= Night Traveler =

Multimedia adventure series

Night Traveler is a multimedia adventure series produced in the United States by Lunar Moth Entertainment. Originally intended as a single issue comic book, the series began to take shape in a larger more in-depth format. Consisting of ten multimedia episodes, the first season of the series, titled Prophecy of the Elder, follows musician Jake Whitman on a journey of discovery and adventure. After being fired from his only steady gig, Jake is lured down a dark dirt road by a ghostly apparition, causing him to wreck his motorcycle.
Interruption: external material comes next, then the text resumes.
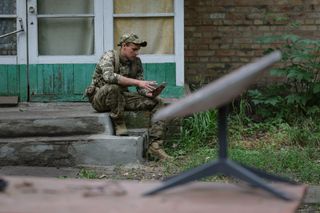 a soldier in camouflage sits on a porch looking at a cell phone behind a small portable satellite dish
Rescued by an elderly Native American, Jake is introduced to the origin of dreams, where four challenges will stand between destiny and destruction...

== Cast for Night Traveler: Prophecy of the Elder ==
- Roddy Piper as The Pyro Messiah
- Jeremy Bulloch as Sir Logan the Prowler
- Cindy Morgan as Emily S. Preston
- R.E. Asbury as Mingo Coyote and Mimic
- Bridget Asbury as Blackbird
- AJ Confessore as Jimmy Fines
- Jason Carle as Booga

== Multimedia format ==
Night Traveler: Prophecy of the Elder is a multimedia adventure series that combines various artistic mediums to tell its story. Bringing together such formats as comic book style art, sound design, interactive navigation and adventurous text, the series allows its viewers to experience a unique brand of storytelling and fantasy.